Jadilah “Orang Besar”

Suatu ketika, saat saya berbincang malam dengan suami, membicarakan berbagai hal yang pada akhirnya mengerucut pada satu hal. Apa itu? Tentang bisnis. Awalnya saya cerita bahwa merasa sensitif terhadap pola hubungan yang sedikit renggang dengan seorang kawan, karena ya mungkin saya menjual produk yang sama dengan dia. Meski kenyataannya kolam kita beda. Saya tidak menjual di kolam yang sama dengan dia. Dan ar rizqu minnallah. Tapi suami saya menasihati, bahwasannya, mungkin itu semua memang halal. Secara syariat diperbolehkan, bahkan di suatu lokasi di Jakarta pernah seorang tokoh bercerita, bahwa disana ada sebuah komplek penjual yang rata-rata menjual jenis produk yang sama. Misal jualan elektronik, maka sederet banyak disitu sama semua jualan elektronik. Namun, jika di toko A tidak ada, maka dia akan menyarankan ke toko B. Tidak menghalangi atau menyembunyikan informasi. Itulah kekuatan ekonomi di gang yang rata-rata penjualnya orang etnis china. Apalagi kita sesama muslim, tentu harus lebih dari itu karena ikatan kita ikatan akidah.

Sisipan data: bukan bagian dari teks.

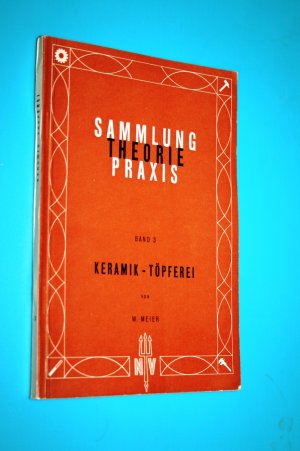 Keramik – Töpferei. Sammlung Theorie und Praxis Bd. 3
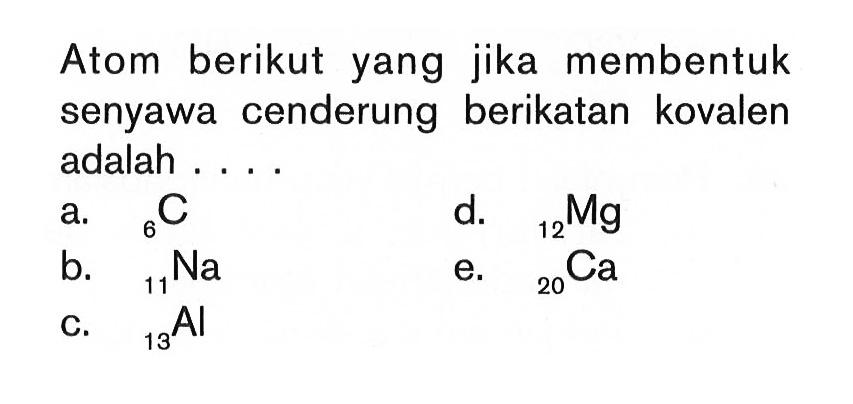 Atom berikut yang jika membentuk senyawa cenderung berikatan kovalen adalah ...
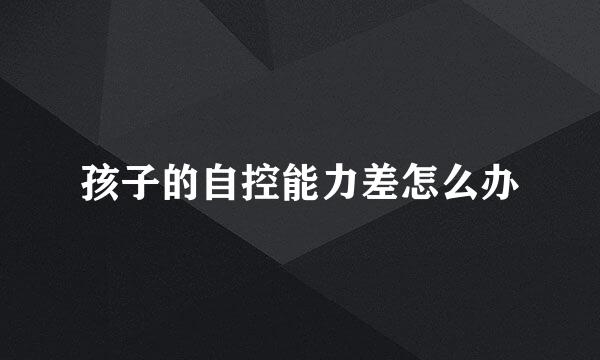 孩子的自控能力差怎么办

Namun, kata suami saya, meski diperbolehkan, langkah kedua setelah mengecek kesyar’ian baik produk dan aktifitasnya, maka kita perlu mengevaluasi adab-adabnya. Apakah saudara kita ridho dengan hal tersebut? Apakah hal tersebut merenggangkan ukhuwah? Apakah nanti jadi segan-seganan?

Baiklah, akhirnya close bisnis jualan produk tersebut karena saya pun tidak bisa membohongi nurani bahwa saya segan sama dia. Biar sama-sama legowo dan tidak ada yang namanya enak-nggak enakkan.

Terus pada saat itu saya kembali bertanya ke suami, kalau nanti ada yang plagiat jualan bunda dan itu orang terdekat bagaimana dong?

Suami menjelaskan, ya itu adalah ranah urusan mereka. Kita tidak dibebankan dengan apa yang tidak akan kita tanggung. Kita hanya akan dibebankan dengan respon kita terhadap sesuatu yang menimpa kita. Apa kita ikhlas? Apa kita akan iri, dengki, busuk hati? Apa kita akan sindir menyindir? Atau kita akan melemah semangatnya karena itu? Dan apakah kita akan merenggangkan ukhuwah dengannya? Itu semua adalah pilihan kita. Dan kita akan dimintai pertanggung jawaban pada ranah yang kita kuasai itu. Biarkan, ikhlaskan, soal adab akhlak yang kita merasa ada rasa-rasa, maka lapangkan. Kita pun tidak tahu kesulitan hidup apa yang membuat dia menggasak segala lini sektor perbisnisan. Kita juga tidak tahu kondisi apa yang sedang dia alami. Maka, jangan ada penyakit hati pada kita sedikit pun.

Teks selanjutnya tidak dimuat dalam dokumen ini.